■ **EXERCISE**: Write out again, word for word, the lines below from the line that holds "Mini Cooper One" through the line that holds "daylin ryder: Influence, Career, and", omitting pictures.

■ **RECORDS TO PROCESS**:
[Start of section]

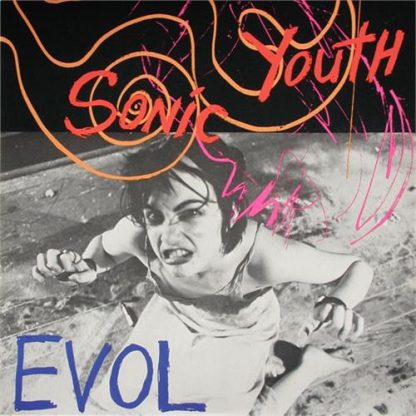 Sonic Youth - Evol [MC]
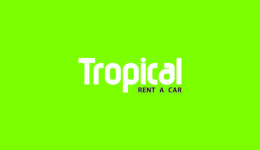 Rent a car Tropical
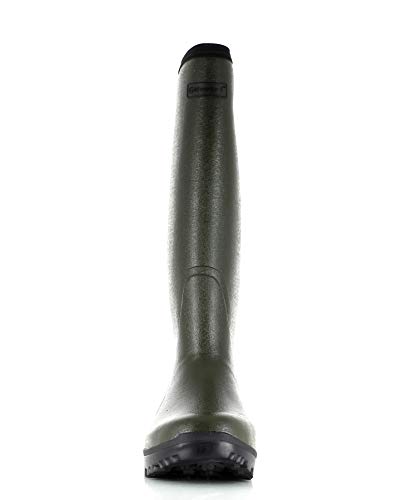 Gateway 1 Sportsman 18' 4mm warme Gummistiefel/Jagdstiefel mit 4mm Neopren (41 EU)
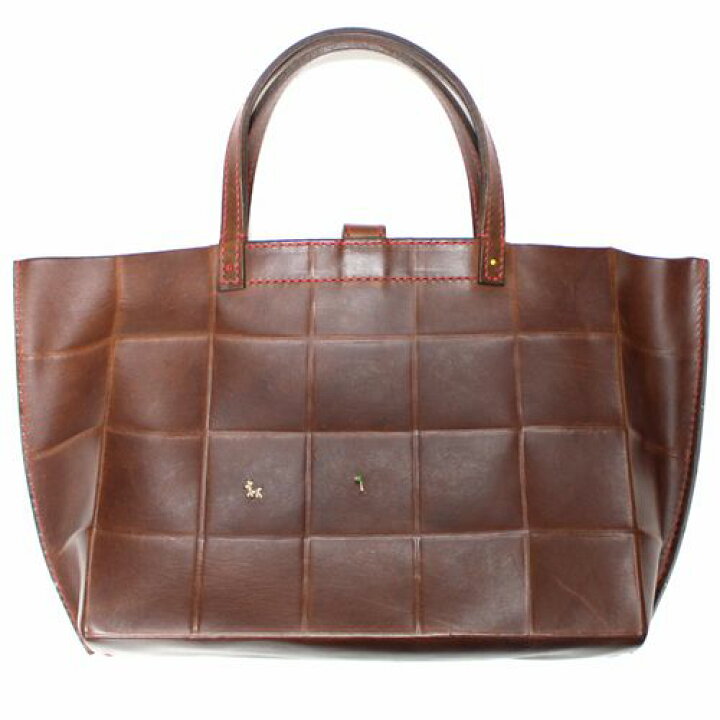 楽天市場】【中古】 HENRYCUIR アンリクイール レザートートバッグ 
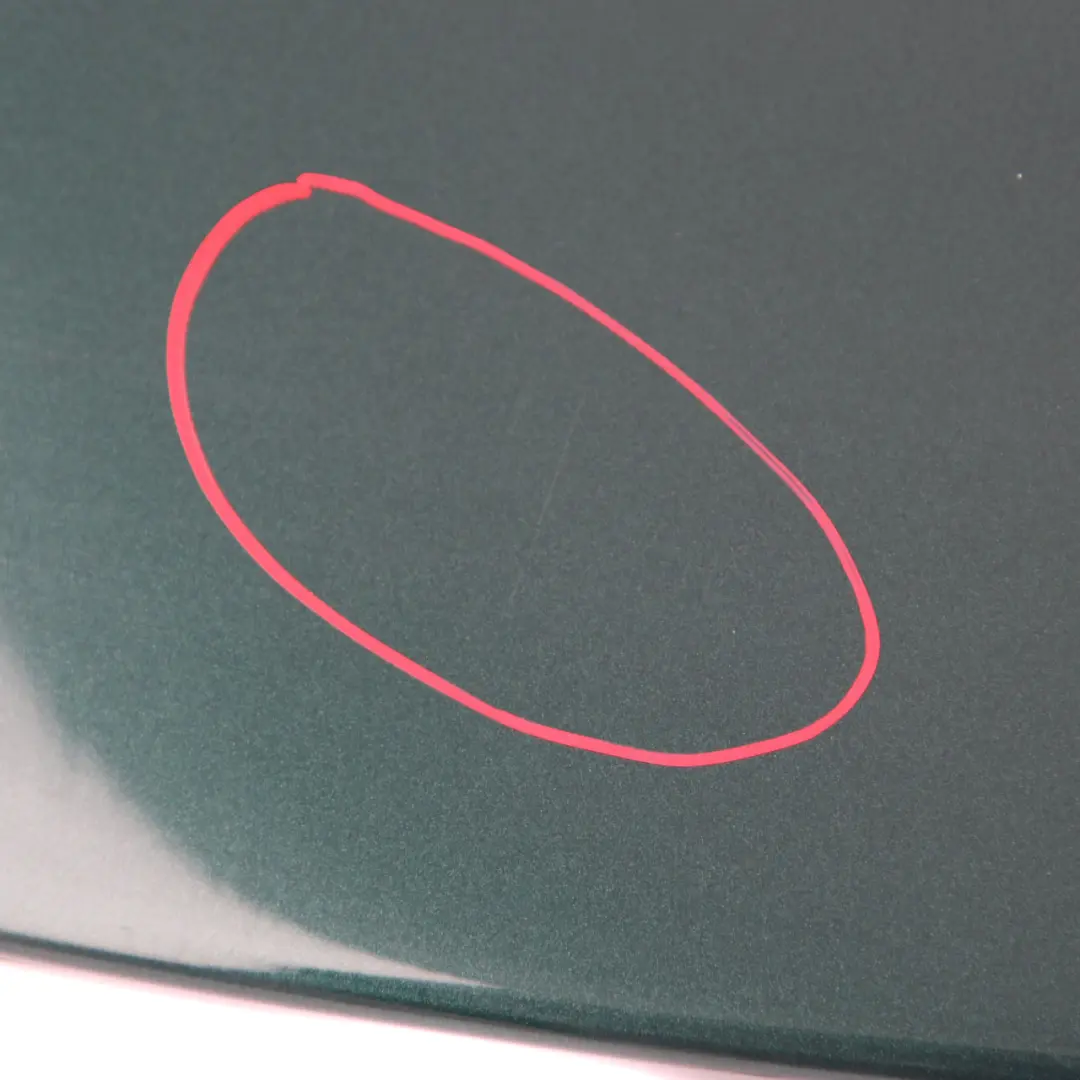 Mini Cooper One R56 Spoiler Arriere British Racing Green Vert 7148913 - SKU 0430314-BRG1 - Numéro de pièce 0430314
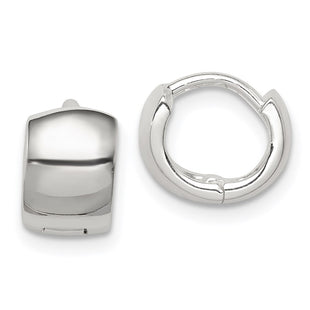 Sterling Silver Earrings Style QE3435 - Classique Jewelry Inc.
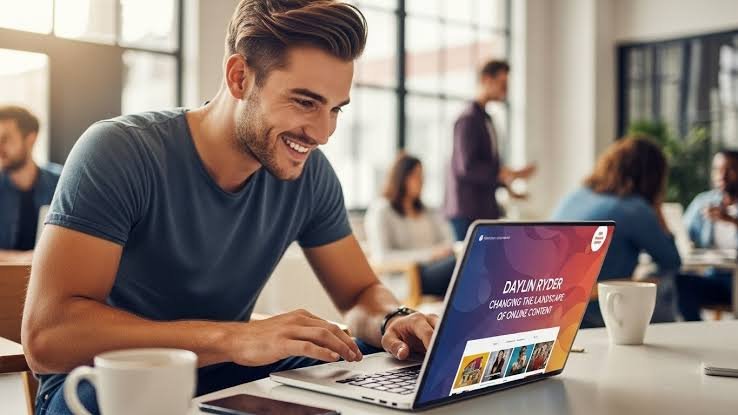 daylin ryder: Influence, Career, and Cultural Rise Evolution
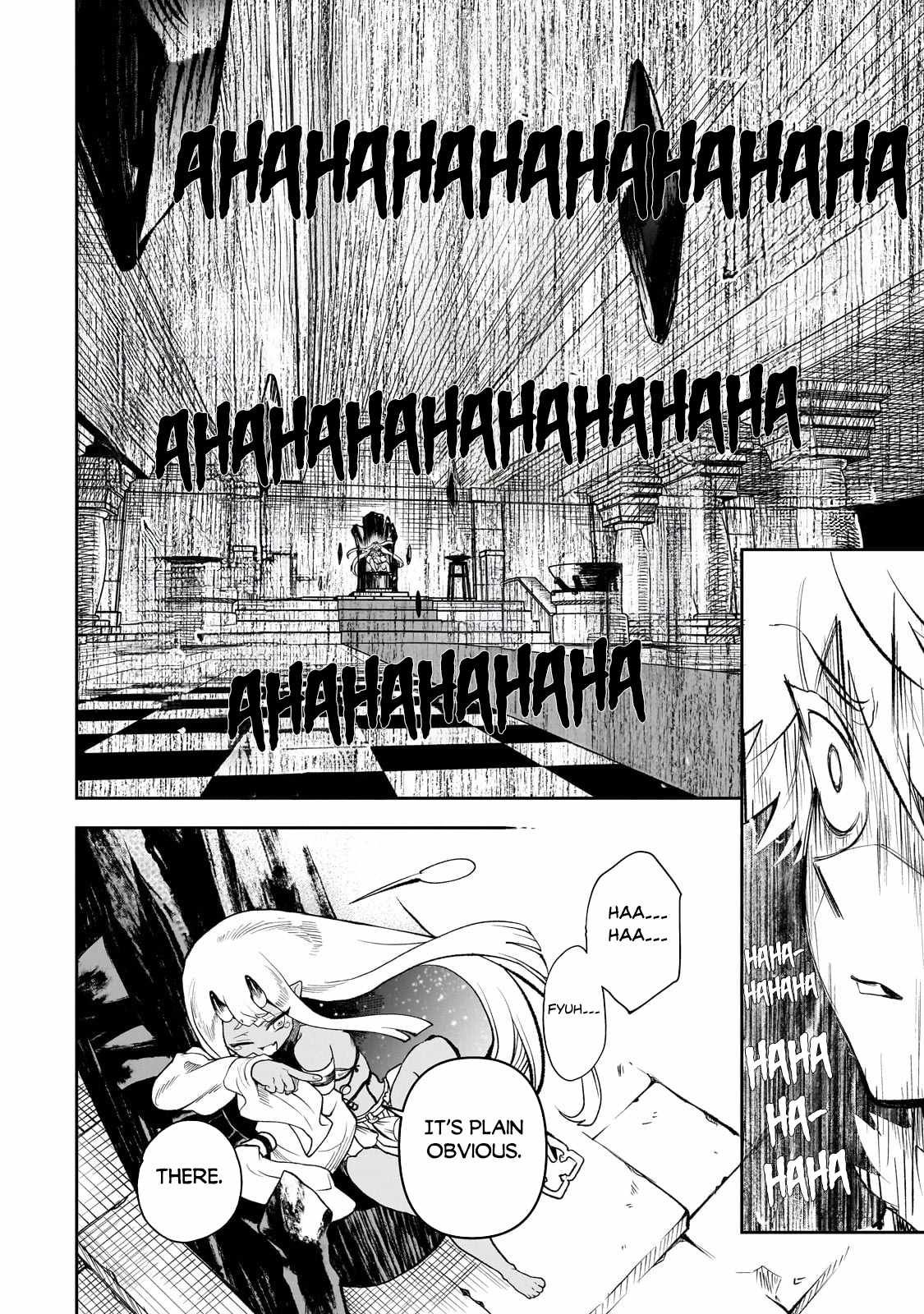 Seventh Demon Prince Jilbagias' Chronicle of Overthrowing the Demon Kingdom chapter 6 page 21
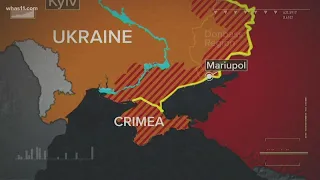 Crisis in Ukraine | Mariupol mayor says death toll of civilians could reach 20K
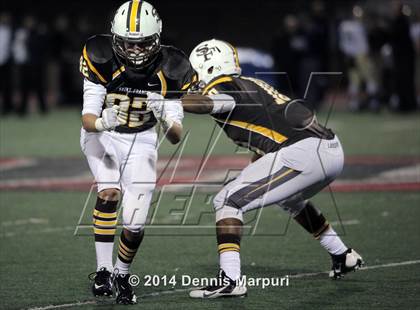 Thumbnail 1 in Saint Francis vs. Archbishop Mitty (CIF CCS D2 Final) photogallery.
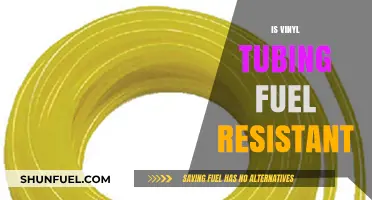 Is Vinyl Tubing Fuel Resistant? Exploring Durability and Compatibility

[End of section]
[Start of section]

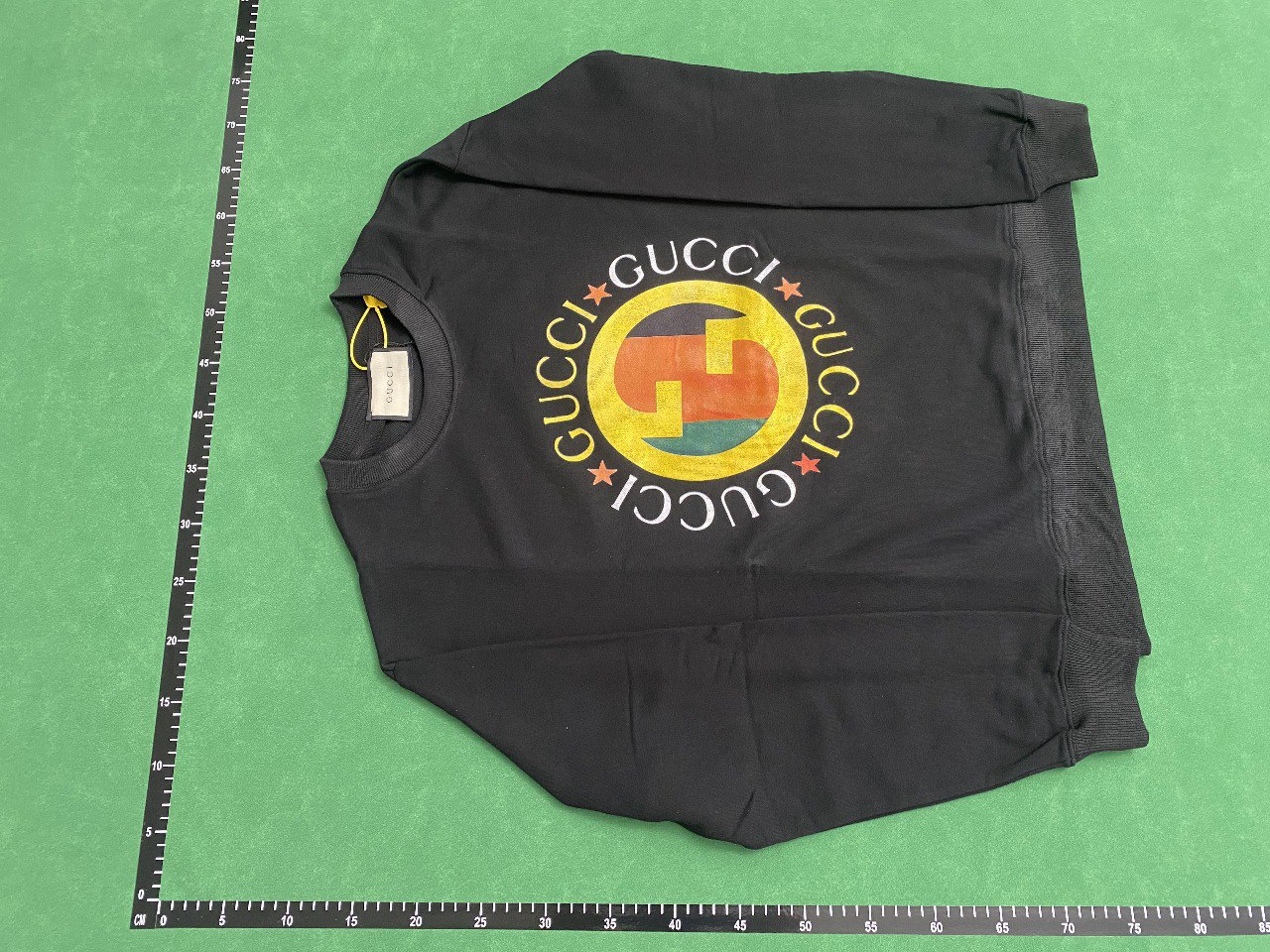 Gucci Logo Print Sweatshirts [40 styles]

[End of section]

■ **RESULT OF THIS EXERCISE**:
 Mini Cooper One R56 Spoiler Arriere British Racing Green Vert 7148913 - SKU 0430314-BRG1 - Numéro de pièce 0430314
 Sterling Silver Earrings Style QE3435 - Classique Jewelry Inc.
 daylin ryder: Influence, Career, and Cultural Rise Evolution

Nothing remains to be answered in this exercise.